It's an election year and we might be missing the politics

Napoleon Bonaparte: Not appearing in this opera.
Napoleon Bonaparte: Not appearing in this opera.

What if the best way to get sex from a woman was to arrest her boyfriend and threaten to kill him unless the targeted woman meets the demands of your pants?

From what I can tell, the character of Scarpia thinks this will work in the opera Tosca, which opens at San Diego Opera this Saturday at 7 p.m. at the Civic Theater.

Back to Scarpia. He makes an interesting play. He seems to say, "I want to have sex with you, so I’m going to arrest your boyfriend and kill him if you don’t." Scarpia is a character that many will consider to be merely creepy because of his sexual appetite but there is something more sinister at work with this guy.

Video:

Tosca

Te Deum (Bryn Terfel, The Royal Opera)

Te Deum (Bryn Terfel, The Royal Opera)

We can recognize Scarpia as Don Giovanni or The Count from Mozart’s operas Don Giovanni and The Marriage of Figaro. What’s the similarity? A man abusing his position in order to get sex.

With all of these men, we want to condemn them for their sexuality but their damning characteristic is the abuse of power. Policies regarding sexual harassment in the workplace are about preventing the abuse of power not preventing sex. If people want to have the sex, they’re going to have the sex.

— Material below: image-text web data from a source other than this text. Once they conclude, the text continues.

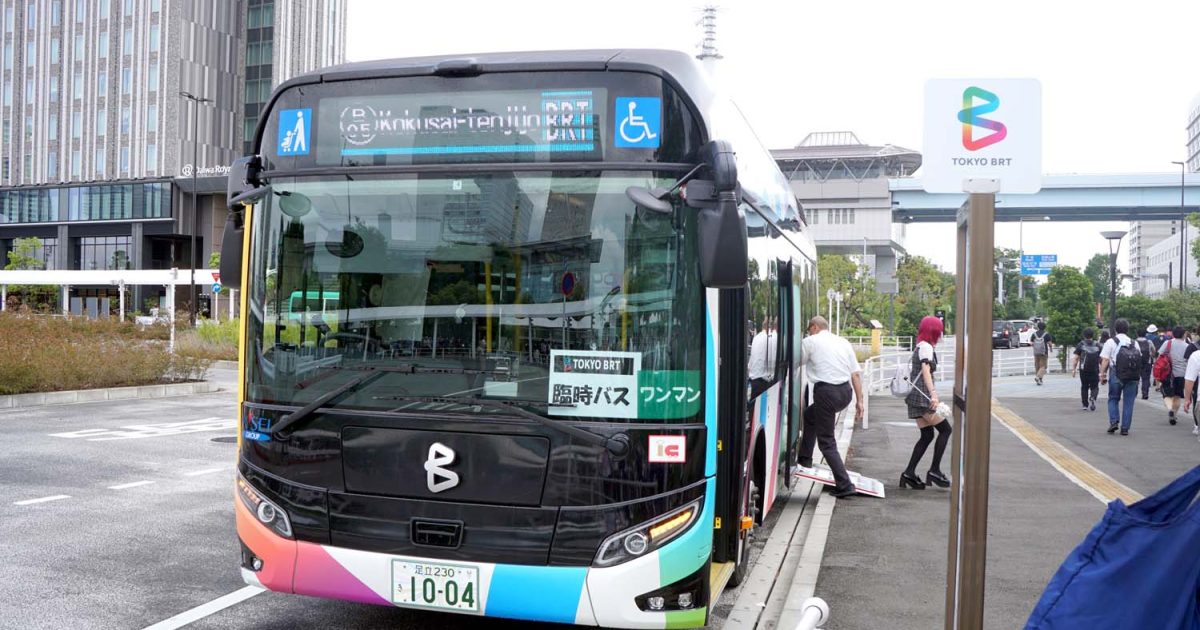 東京BRT　コミケ　臨時　東京ビッグサイト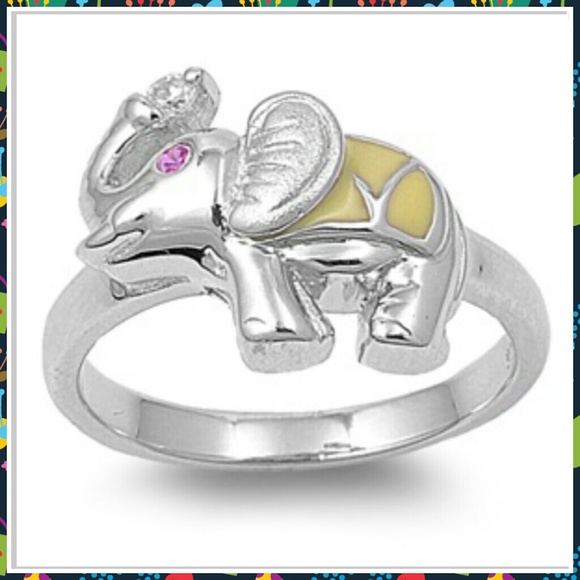 925 SS Elephant Ring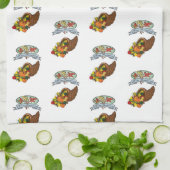 Erntedank Küche Handtuch (Gefaltet)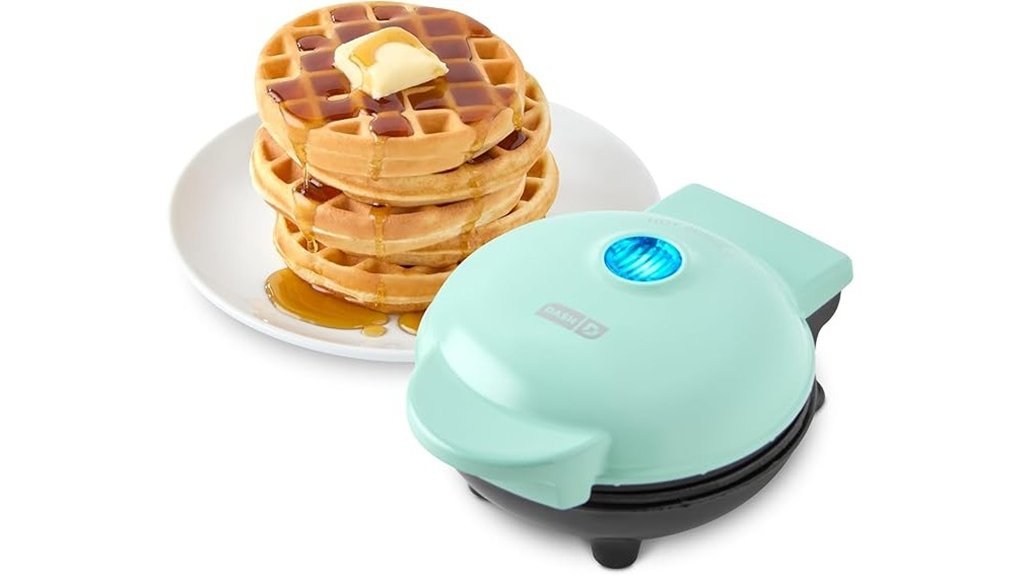 Best Small Kitchen Appliances That Make Cooking Easier compact aqua waffle maker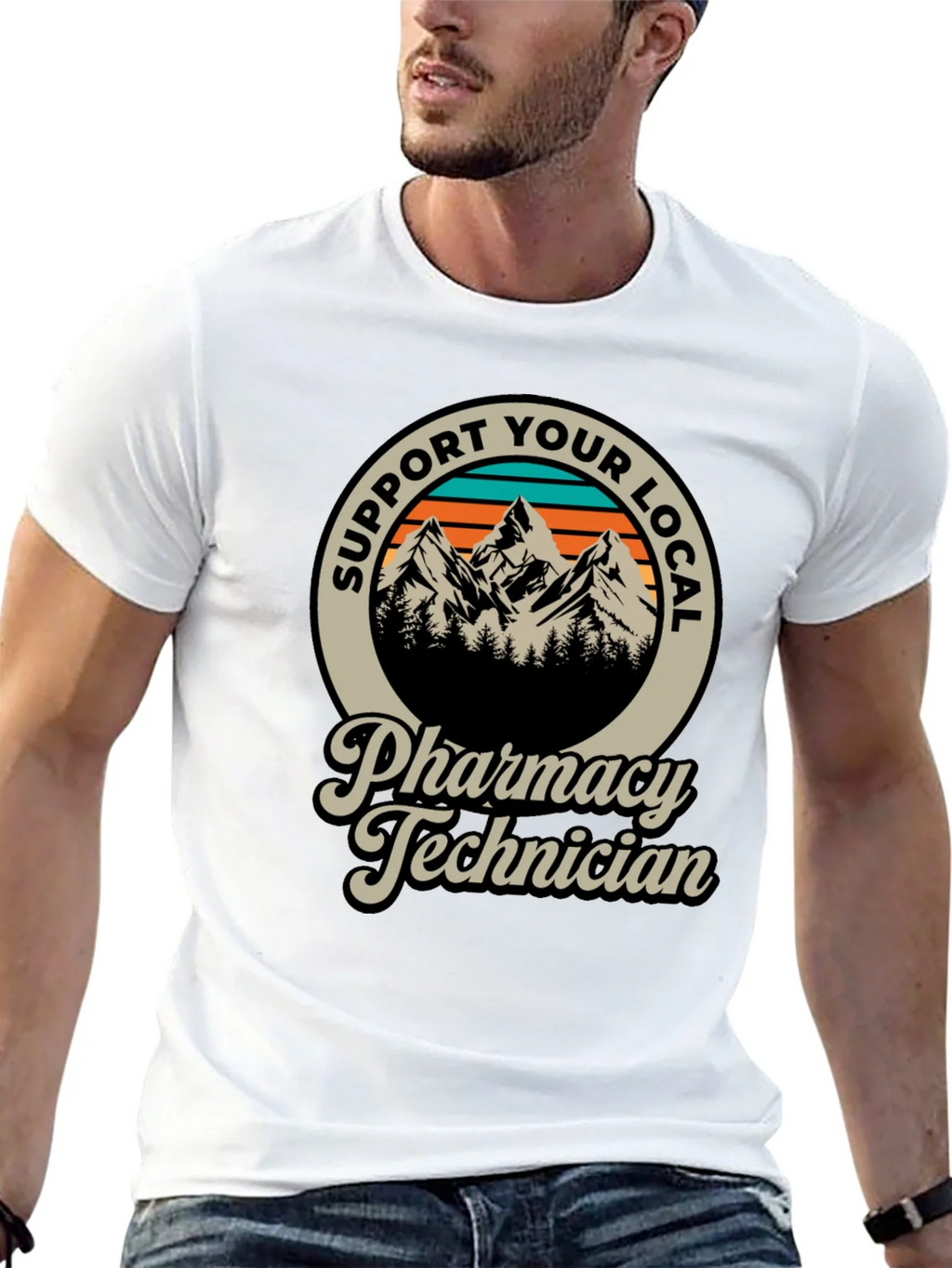 Support Your Local Pharmacy Technician T-Shirt product image 12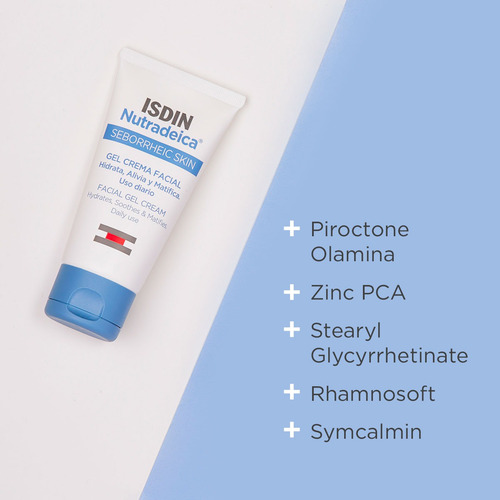 Nutradeica Gel-crema Facial Para Piel Seborreica Isdin X50ml Momento De Aplicación Día/noche Tipo De Piel Seborreica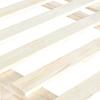 Solid Wood Pallet Bed Frame Pine 90*200 cm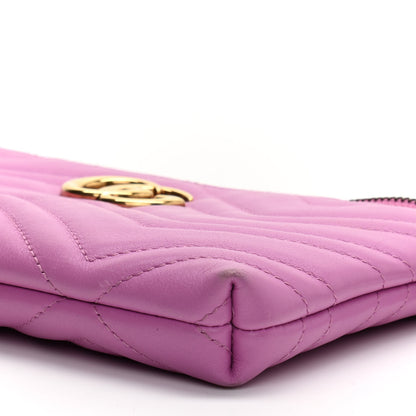 Gucci Calfskin Matelasse Mini GG Marmont Chain Bag Candy Mousse 5 of 11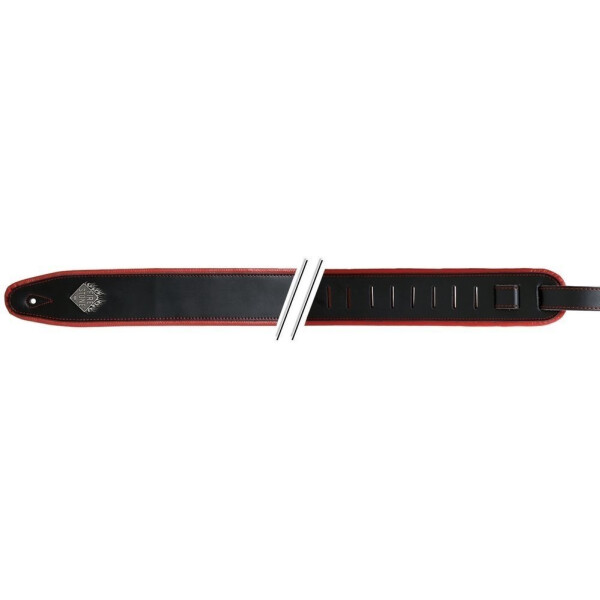 Gewa guitar strap F&S Comfort black/red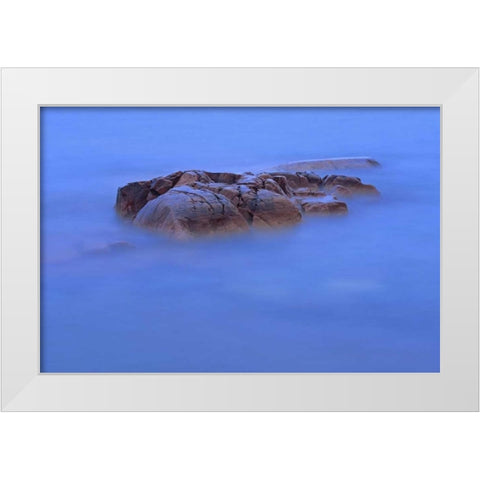 Canada, Killarney PP Waves and shoreline rocks White Modern Wood Framed Art Print by Grandmaison, Mike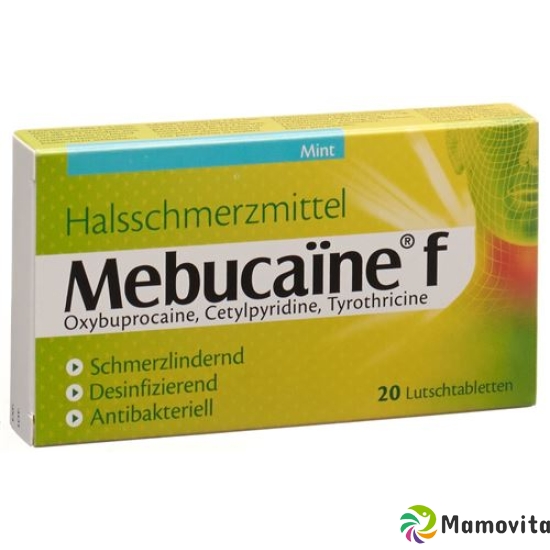 Mebucaine F Lutschtabletten Mint 20 Stück buy online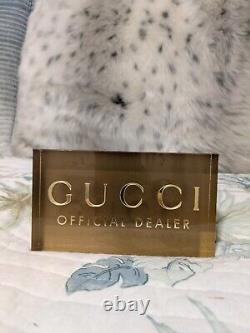 Authentic Gucci Official Dealer Clear Lucite And Gold Store Display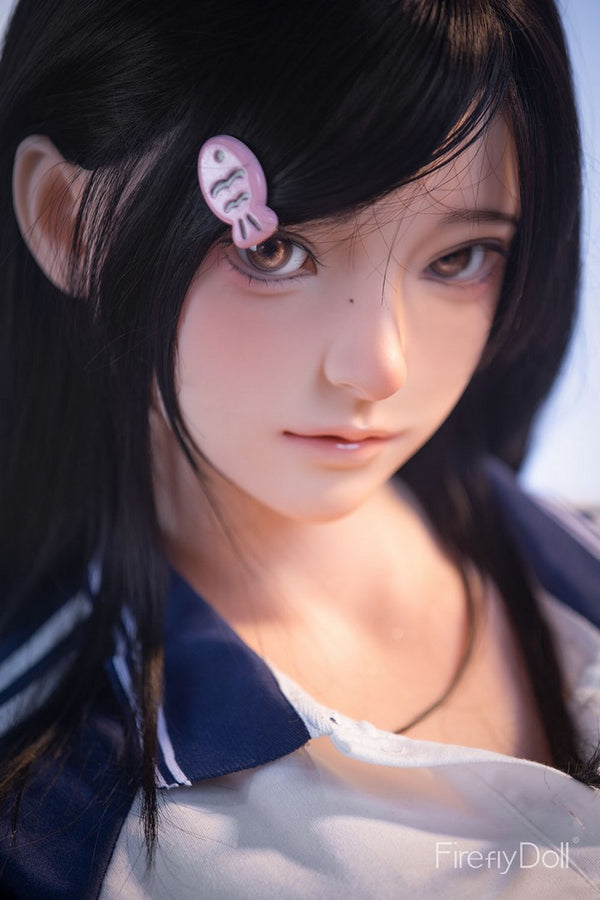 C002 Nanako: 151cm A-cup School Uniform and Bench Silicone Sex Doll
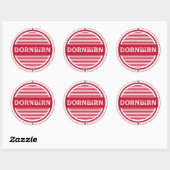 Dornbirn City Pride Emblem – Austrian Identity Ronde Sticker (Vel)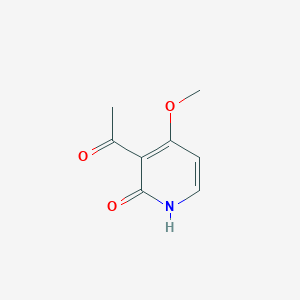 molecular formula C8H9NO3 B8224291 1-(2-Hydroxy-4-methoxypyridin-3-YL)ethanone 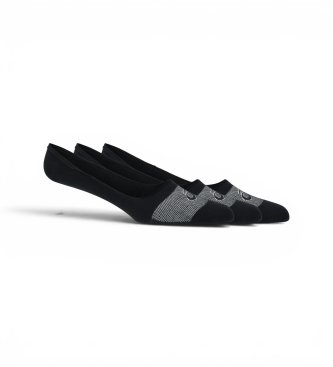 Asics Pack 3 Calcetines Secret negro
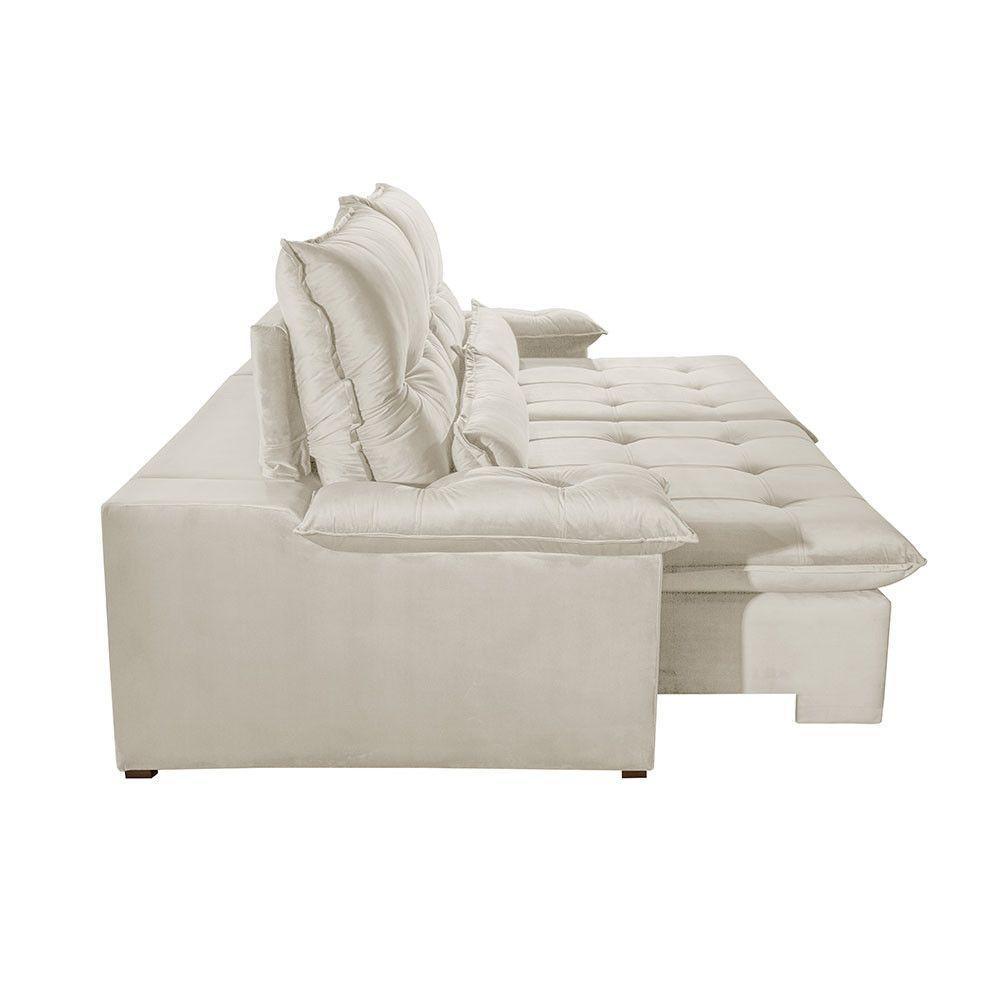 Sofá Nivus Linho 02 Módulos De 120cm B25cm Meu Sofá Online A302 Linho Branco - 3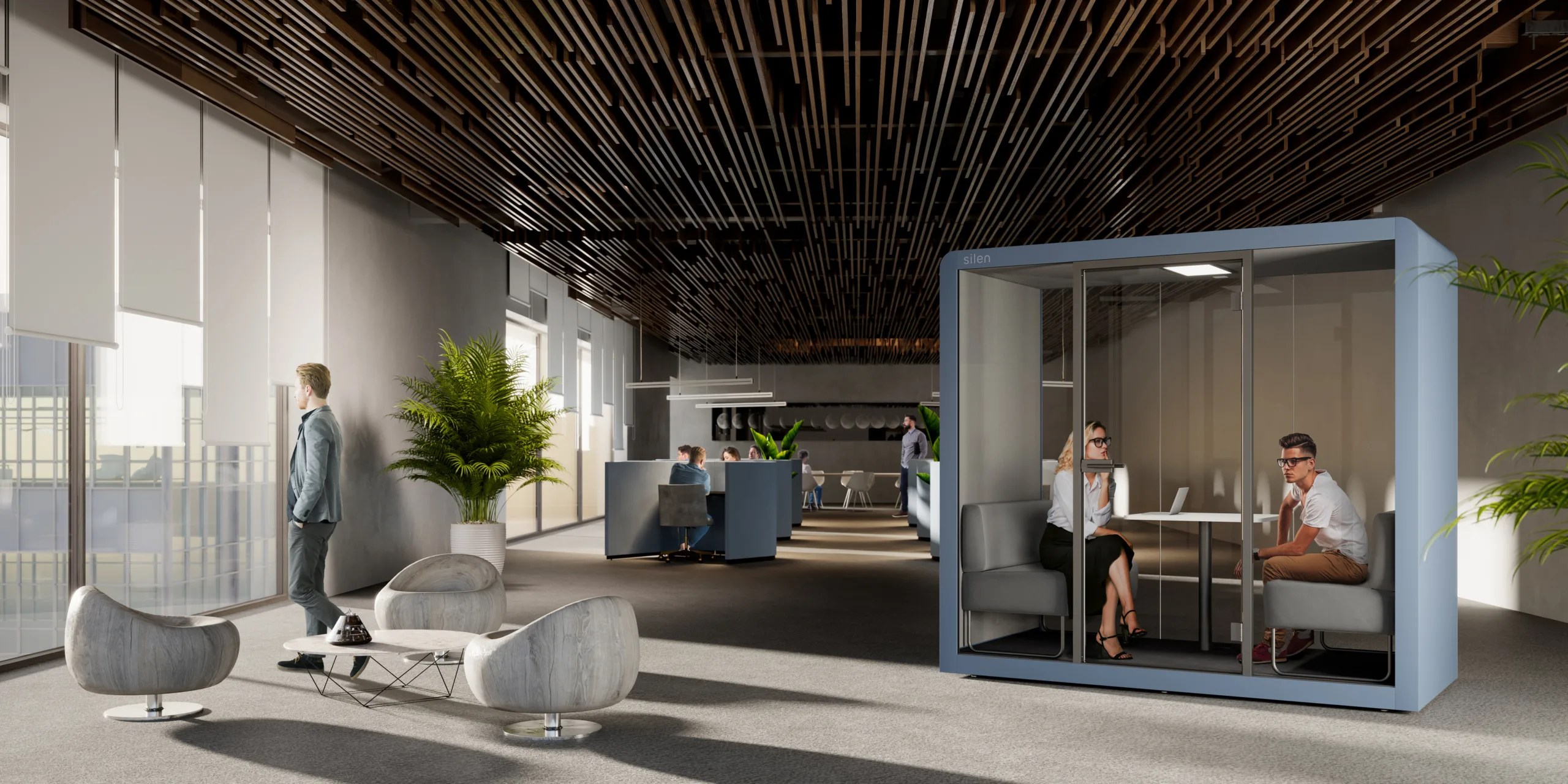 medium Meeting Pod in an Office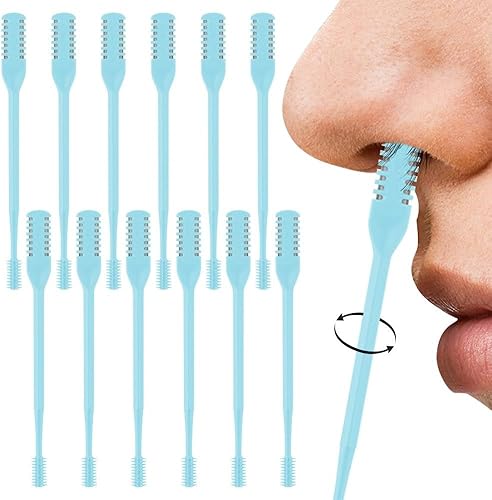 Miniatura 17 de Cortador de Pelo Nasal, Recortador de Pelo de Nariz de Doble Cara 2025, Herramienta Manual de Eliminación de Pelo de Fosa Nasal con Rotación de 360°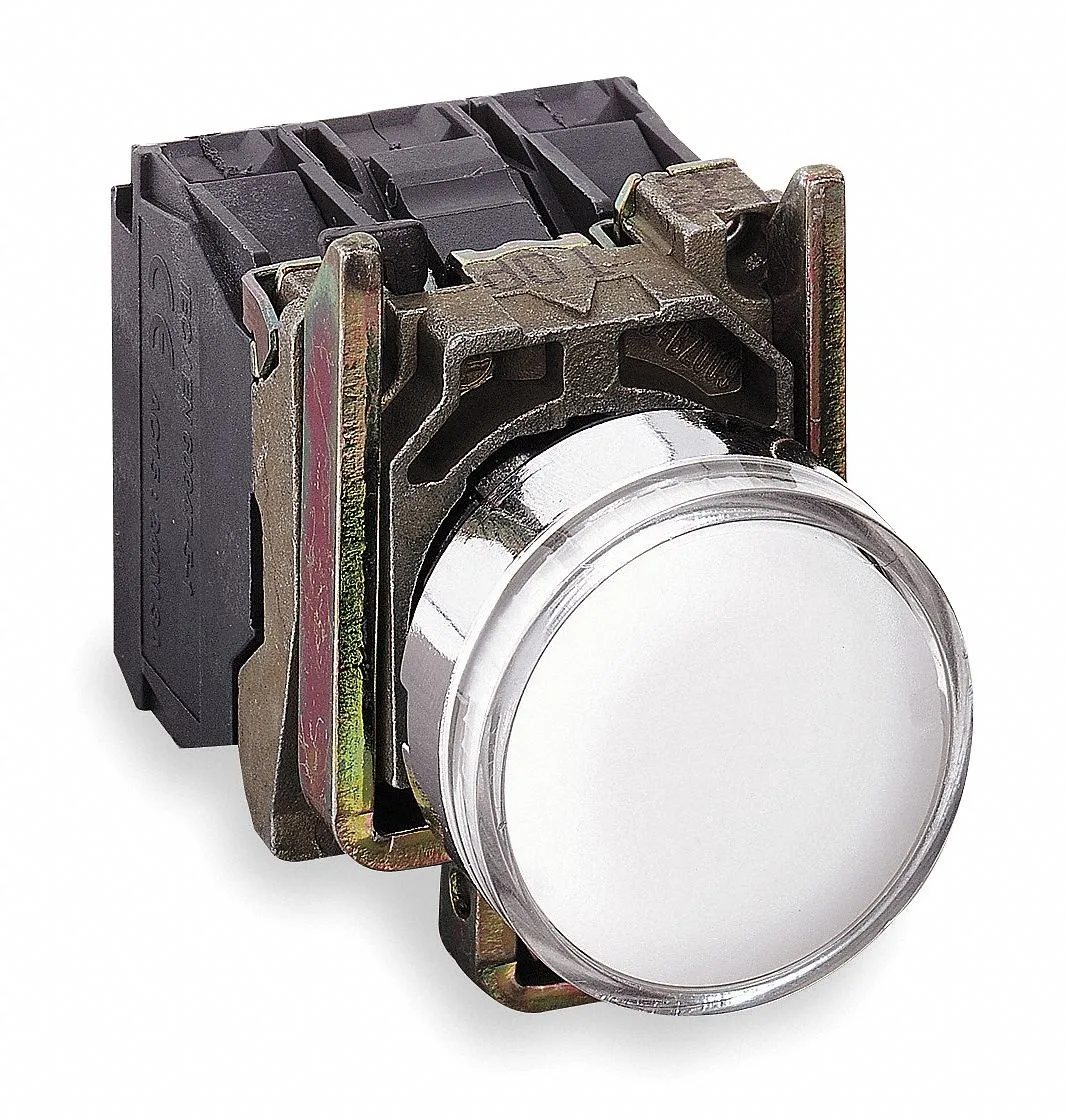 Schneider Electric Schneider Electric XB4BW31G5 Illuminated Push Button 22 mm White 1NO/1NC — product photo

I believe I mentioned that opera is full of politics. If I didn’t then allow me to say now that opera is full of politics.

Operas such as Tosca are politically charged from start to finish. In addition to Scarpia's abuse of power toward a sexual end, there is an even bigger political figure in Tosca, but he never shows up.

That character is Napoleon. Without the threat of Napoleon overthrowing the political order, of which Scarpia is a part, there’s no show.

Scarpia is able to arrest Tosca’s artist boyfriend, Mario Cavaradossi, on the charges of harboring an escaped political prisoner. The prisoner was involved with the failed “Republica Roma,” which was apparently pro-Bonaparte.

As an aside, how is the fictional artist Mario Cavaradossi not based on the nonfictional artist Michelangelo Caravaggio? Both are the most famous painters in Rome known for their church murals and violent temperament. I’m not sure that pertains to anything, but it struck me as at least interesting.

I’m not going to get all preachy and try to tie in any current examples regarding the abuse of power, but I will say that what fueled the consumption of opera in the past was the immediacy of the politics involved. Without the fire of political conviction we lose a great deal of the passion with which audiences consumed opera in the past.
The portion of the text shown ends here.